### [Dataset excerpt]
##########

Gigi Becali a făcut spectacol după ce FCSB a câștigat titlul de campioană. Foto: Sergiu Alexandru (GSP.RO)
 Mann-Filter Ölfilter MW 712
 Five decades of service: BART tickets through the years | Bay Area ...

##########

### [Task item]
What you write must be identical to the material above.

### [Task result]
Gigi Becali a făcut spectacol după ce FCSB a câștigat titlul de campioană. Foto: Sergiu Alexandru (GSP.RO)
 Mann-Filter Ölfilter MW 712
 Five decades of service: BART tickets through the years | Bay Area ...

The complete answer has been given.